- The original cover of Shogakukan's collected volume of Benkei in New York.

N.Y.の弁慶 (N.Y. no Benkei)
- Genre: Crime fiction
- Written by: Jinpachi Mori
- Illustrated by: Jiro Taniguchi
- Published by: Shogakukan
- English publisher: NA: Viz Media;
- Magazine: Big Comic Original Zōkan
- English magazine: NA: Pulp;
- Original run: 1991 – 1996
- Volumes: 1

= Benkei in New York =

Japanese manga

Benkei in New York (N.Y.の弁慶, N.Y. no Benkei) is a one-volume manga written by Jinpachi Mori and illustrated by Jiro Taniguchi. It is a collection of short stories revolving around a Japanese artist who moves to New York, but secretly works as a hitman in his spare time. It was originally serialized in the Japanese manga magazine Big Comic Original Zōkan by Shogakukan between 1991 and 1996. The manga was serialized in North America by Viz Media in its Pulp magazine in 2000 and later collected in graphic novel format. Critics have praised the series for its uniqueness compared to North American crime fiction as well as its execution of horror.

== Plot ==
- "Haggis"
  Benkei entices a man to his bar with malt scotch, the same drink he was consuming when he crashed a car to dodge the draft. There, the man is confronted by the son of the woman who was killed while driving the car, and the man is killed in a knife-fight.
- "Hook"
  Benkei takes a cabaret dancer named Maria home and draws her. Benkei tracks down a man who killed their shipmate on a fishing trawler with a hook. He chases him through a fish market and using a hook, cuts him down the side of his face.
- "Throw Back"
  Benkei follows a man from Grand Central Station to Central Park for the third day. The two spar using hand-to-hand combat. They continue fighting in the American Museum of Natural History with swords taken from an exhibit and Benkei kills the man.
- "The Cry"
  Benkei paints a forgery of The Scream for the Italian mafia. However, its sale is used as a setup to kill a subordinate so the boss, Gantino, can expand his operations. Benkei is targeted in the process but escapes. He creates another forgery from memory and meets Gantino, lying that he has the original. Benkei kills Gantino while he gazes at the fake and leaves the original in a museum.
- "Sword Fish"
  Benkei is invited to Sicily by Troia, a former leading figure of La Cosa Nostra, to forge his collection of European paintings. Sorchi, one of Troia's men, works with Gantino's brother to attack Benkei's car and kidnap Maria. In the resulting negotiation, Sorchi reveals that he wants Troia's paintings and tries to kill them. Benkei uses a swordfish's bill as a weapon but is shot. When he shows the paintings to Sorchi, Troia sets them on fire along with Sorchi. Fatally wounded, Troia dies as Benkei shows him his forgery of Jean-François Millet's painting Maternal Care.
- "Necklace"
  A man wants Benkei to kill Sophie Gibson, the leader of a drug ring, but Benkei refuses because he feels that the request is dishonest. When the man tries to kill her himself, he is shot. Before he dies, he reveals to Benkei that Gibson and he were engaged lovers from Vermont and asks him to give her a necklace of pearl. Benkei strings the necklace with piano wire and uses it to strangle Sophie.
- "Basement"
  An architect named Gordon murders his more successful peer and wife, Betty, at their summer home on an island. Benkei visits him to deliver a painting of Betty and the image scares Gordon. Running from Benkei, Gordon hides in the basement which includes a pool designed by Betty. Benkei barricades the man inside while delivering a message from Betty saying "I loved you too much."

== Release ==
The manga was originally serialized in the magazine Big Comic Original Zōkan by Shogakukan between 1991 and 1996. It was collected into one tankōbon volume and released by Shogakukan on April 27, 1996.
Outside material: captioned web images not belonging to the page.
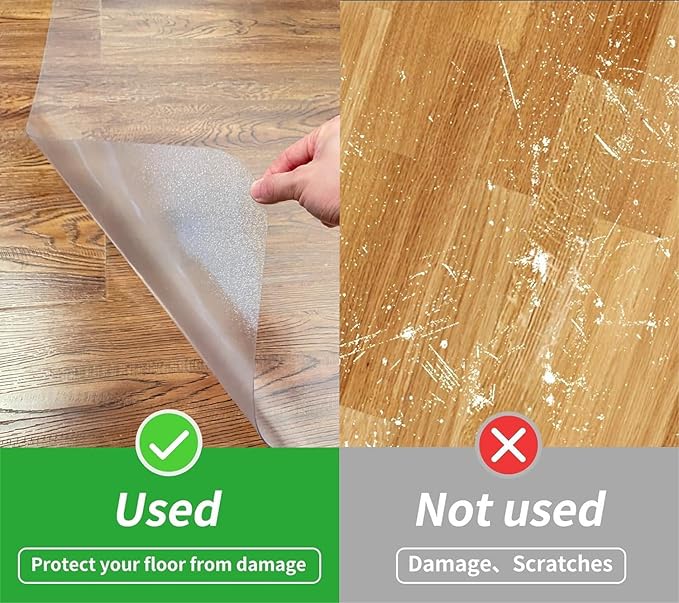 Office Chair Mat for Hard Wood Floors - 30"x48" Heavy Duty Anti-Slip Hardwood Floor Protector Rug - Easy Clean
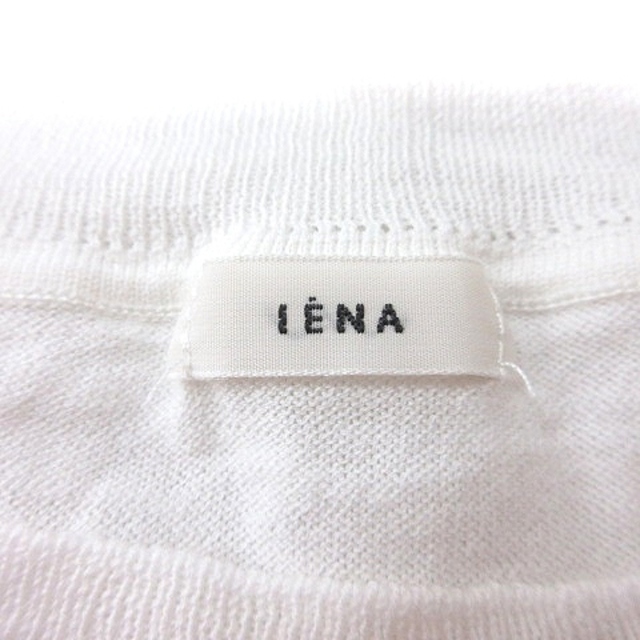 IENA(イエナ)のイエナ IENA サマーニット カットソー 五分袖 麻混 リネン混 白 ホワイト レディースのトップス(ニット/セーター)の商品写真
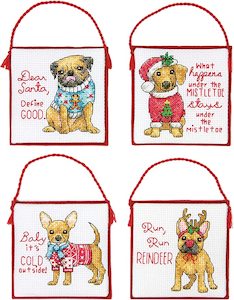 Christmas For Needlecrafters: Dimensions Counted Cross Stitch Kit - Four Christmas Pups Ornaments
The manga has been published in English by Viz Media through its manga magazine Pulp. Its first chapter appeared in the June 2000 issue of the magazine, and the complete series was published in graphic novel format in May 2001.

==Reception==
As the time of its release by Viz Media, Warren Ellis declared that "Benkei is better than 96% of the crime fiction coming out of America right now." Although he described the stories as "ghoulish", Jason Thompson commented that Taniguchi can depict "the blood and the death in a cool, calm fashion." He also highlighted a battle sequence in the third chapter as "particularly notable" as it is wordless and free of sound-effects. Katherine Dacey of Manga Bookshelf said: "If Benkei's motives and methods are sometimes inscrutable—or downright illogical—the stories still work beautifully, with crack pacing and memorable denouements that can be as deeply unsettling as they are emotionally satisfying".

Scott Green of Ain't It Cool News said that Benkei's modus operandi of artistry was "perfectly executed". Christopher Butcher said that the manga is "darker and dirtier than anything being produced in North America" while praising the tightly written stories and "cinematic style" art.